Вопрос его явно насторожил коменданта. Осокин внимательно приглядывался к каждому его жесту, к выражению лица и глаз. Сейчас вот он объявит о Зяпине. Внезапное обличение очень часто вызывает эмоциональные переживания у допрашиваемого, внутреннее волнение должно получить и какое-либо внешнее отражение.
— За что судить? — переспросил Осокин. — За убийство жены и только? Или есть и еще что-то, за что вы не ответили по закону?
— Я не Черкашин и не воровал! — поспешил с ответом комендант. В чем-то его внутреннее волнение обнаружилось. Хотя бы в поспешности его ответа и в том, как он спрятал глаза, уставившись в пол.
— За воровство мы вас судить не собираемся. До воровства ли? Должен поделиться с вами весьма интересной новостью. Действительно, мы давненько, как вы выразились, не встречались, но совсем не потому, что о вас забыли. Я лично все это время очень даже помнил о вас. Побывал я в деревне Ренидовщине, на родине Прохора Акимовича Охрименко…
Сказав это, Осокин не сводил глаз с подследственного. Однако тот своего волнения ничем не обнаружил, как и на первых допросах, глаза его были непроницаемы. Но как раз это деланное безразличие и могло быть выражением его волнения, точнее говоря, внутреннего напряжения.
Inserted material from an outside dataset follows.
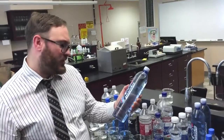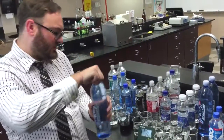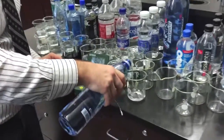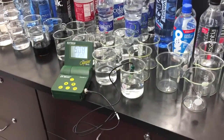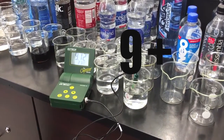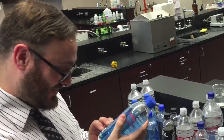The next bottle up is Aquahydrate. It's advertising a pH of 9 plus, saying it's with electrolytes and great taste. So we crack the bottle open and let's see where its pH or alkalinity actually falls. We are at 9.1 and climbing, so definitely at their pH of 9 plus. Potassium hydroxide and sodium hydroxide — we have to be careful with those in the lab because they can actually burn you, being strong bases.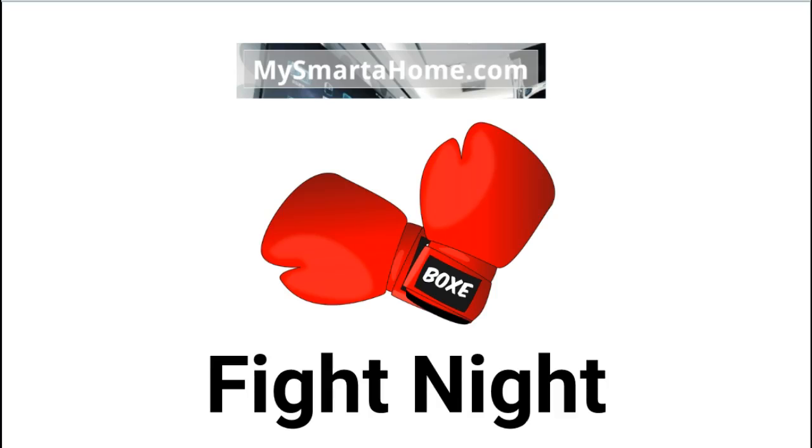Hello everyone and welcome to this video, another in the Fight Night series brought to you by James from SmarterHome.com. My Fight Night series of videos contain comparisons of popular smart devices and to make it more light hearted I use a boxing match format.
— Ренидовщина опустела, — продолжал Осокин. — Всего-то осталось три домика… От дома семейства Охрименко сохранился только фундамент. Постоял я и у памятника, который соорудили пионеры семье Акима Петровича Охрименко, его родителям и детям. Между прочим, на мемориальной доске этого памятника помянут и его сын Прохор Акимович Охрименко, которого убили фашисты в сорок третьем году…
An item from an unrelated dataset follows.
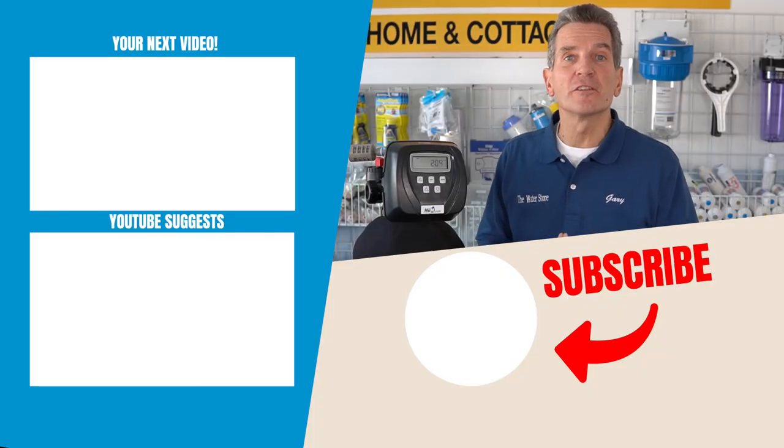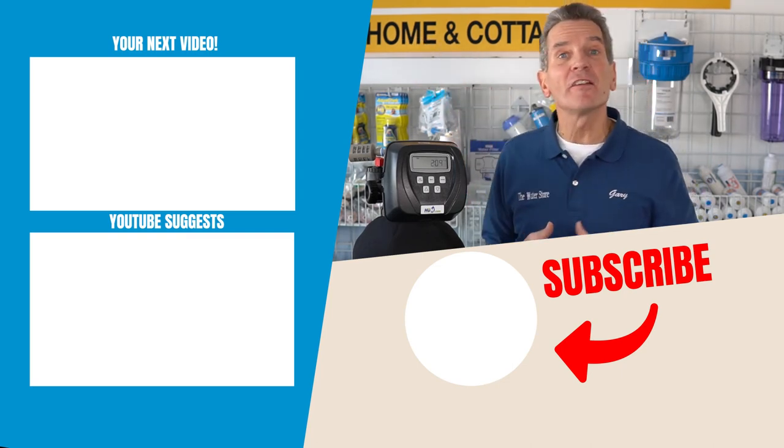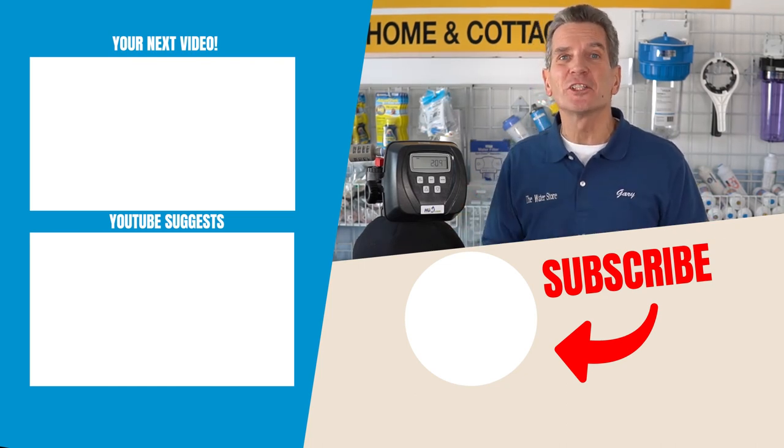Talking about Clack water filtration valves — just go right here to my next video and I'll see you there. Also, if you have any questions about Clack valves, put a comment down below. I read every single one of them and I'd love to answer your questions.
Комендант поднял глаза на Осокина. Все таким же непроницаемым оставался их взгляд.
— Это почему же пионеры поспешили меня похоронить? Не бывал я после войны дома… Ни к чему было и не к кому!
Но Осокин, никак не отреагировав на это, спокойно продолжал:
— Поговорил я с местными жителями, с теми, кто пережил оккупацию, повстречался с одним бывшим партизаном. Ему я вашу фотографию предъявил, полагая, что вы и есть Прохор Акимович Охрименко… Очень бурную получил в ответ реакцию. По этой фотографии и другие признали, что вы вовсе не Прохор Охрименко, а Федор Зяпин, немецкий цугвахман…
Подследственный не пошевелился, только изобразил на лице кривую ироническую усмешку.
Как бы не замечая этого, Осокин продолжил:
— Столь великое горе вы принесли этим людям, что и передать трудно! Их буквально трясло, когда они рассматривали вашу фотографию…
— Что это значит?!
— Вы не хуже моего понимаете, что это значит! Не надо притворяться, и очередное вранье вам ничем не поможет. Вас уверенно опознали как Федора Зяпина. Разве мало этого?
Охрименко усмехнулся.
— Не для протокола, гражданин следователь! Не для протокола… Вот когда вы назовете мое настоящее имя, тогда поговорим по душам…
— Прохором Охрименко я вас уже никогда не назову!
— А на Федора Зяпина я не откликнусь!
20
— Так что же выходит, за ним осталось последнее слово? — упрекнул Русанов, когда Осокин во всех подробностях пересказал содержание разговора с подследственным.
— Ну нет! — возразил Осокин. — Я теперь уверен, что последнее слово останется за нами. Нисколько в этом не сомневаюсь. То была разведка боем!